In America, the Congress had passed the ‘Dietary Supplement Health and Education Act’ in 1994. This act allows ‘functional claims’ to dietary supplements, like “Vitamin A promotes good vision” or “St. Johns Wort maintains emotional well-being”, as long as the product label contains a specific disclaimer that the FDA has not evaluated the said claim and that the product concerned is not intended to diagnose, treat, cure or prevent disease.

The above Act bestows some important responsibility on to the doctors, who are required to provide specific and accurate scientific information for nutraceutical products to their patients. This process assumes critical importance, as the patients would expect the doctors to describe to them about the usefulness of nutraceutical products as alternatives to approved drugs. In such cases, if any doctor recommends a dietary supplement instead of pharmaceutical products, the doctor concerned must be aware of the risk that the patient’s health may suffer, for which the affected patient could sue the doctor for malpractice.

Indian Health Ministry should take note of these points for ethical promotion of nutraceuticals in India.

Sanofi considered nutraceuticals as a business opportunity in India:

So far in India, Sanofi is the only Pharma MNC that has entered into nutraceuticals business in a big way. Sniffing the market opportunity in this segment, the French major acquired the nutraceuticals business of Universal Medicare Private Ltd of worth Rs.110 Crore, in August 2011. The nutraceuticals product portfolio of Universal Medicare included more than 40 brands from cod liver oil capsules, vitamins/mineral supplements and antioxidants to liver tonics.

Ambivalence of Pharma MNCs:

According to A.T. Kearney report, unlike food industry, the global pharma industry has approached nutraceuticals with a ‘great deal of ambivalence’.

Pfizer and Novartis have sold their nutrition businesses.While the same Pfizer that sold Wyeth Nutrition to Nestle, invested an undisclosed sum to acquire Danish vitamins company Ferrosan and the dietary supplements manufacturer of the United States, Alacer, reinforcing what was already a billion-dollar business enterprise.

On the other hand GlaxoSmithKline (GSK) and Novartis have recently announced a joint venture for consumer products business, which could probably be a stepping-stone to get into nutraceuticals. Who knows?

Food companies leading nutraceuticals business:

The A.T. Kearney report also states that at present the food companies, and not the pharma players, are in the lead, accounting for about 90 percent of nutraceuticals sales with expertise in branding, consumer market expertise and access to mass distribution channels.

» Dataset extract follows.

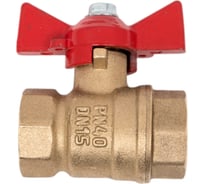 Кран шаровой Valfex N/P59 бирка для воды, 1/2" ВР/ВР, ручка-бабочка, латунный 11Б27фт1М, 96/24 VF.217.LB1.012.N/P59.Bir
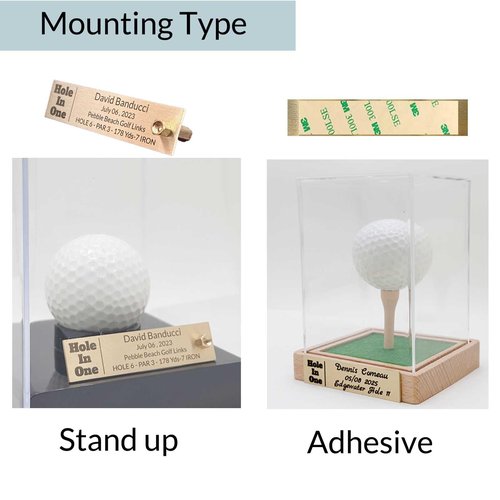 signxuni Custom Golf Ball Display Case - Hole in One Plaque Engraved Brass Plate 2.4" x 0.6"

A few consumer companies have also inked partnership with pharma companies. For example, Coca-Cola and Sanofi have partnered to sell health drinks in French pharmacies.

Conclusion:

Nutraceuticals business, as many believe, is an emerging opportunity in the ‘Gray Area’ between pharmaceuticals and nutritional product classes. So far, the food companies have been charting this frontier that remained uncharted by a large majority of the pharma players. This is mainly because the success requirements for nutraceutical products, including dietary supplements, are quite different.

That said, a transparent and well-charted regulatory pathway for nutraceuticals, especially for formulations with therapeutic claims, would have a significant impact on its future growth potential in India.

Many nutraceutical products in the country with specific therapeutic claims do not seem to have supporting robust clinical data, leave aside being peer reviewed and published in the reputed international journals on the claims for safety or efficacy.

The entry of one of the global majors, Sanofi, having a clear focus on Evidence Based Medicines (EBM), ushers in a new hope and promise to get the loose knots tightened in this important area, while driving the business growth of the category.

Just as EBM, scientific ‘Evidence Based Nutraceuticals (EBN)’ with therapeutic claims, should be the centerpiece of consumer confidence and interest in this emerging niche of healthcare business in India.

By: Tapan J. Ray

Disclaimer: The views/opinions expressed in this article are entirely my own, written in my individual and personal capacity. I do not represent any other person or organization for this opinion.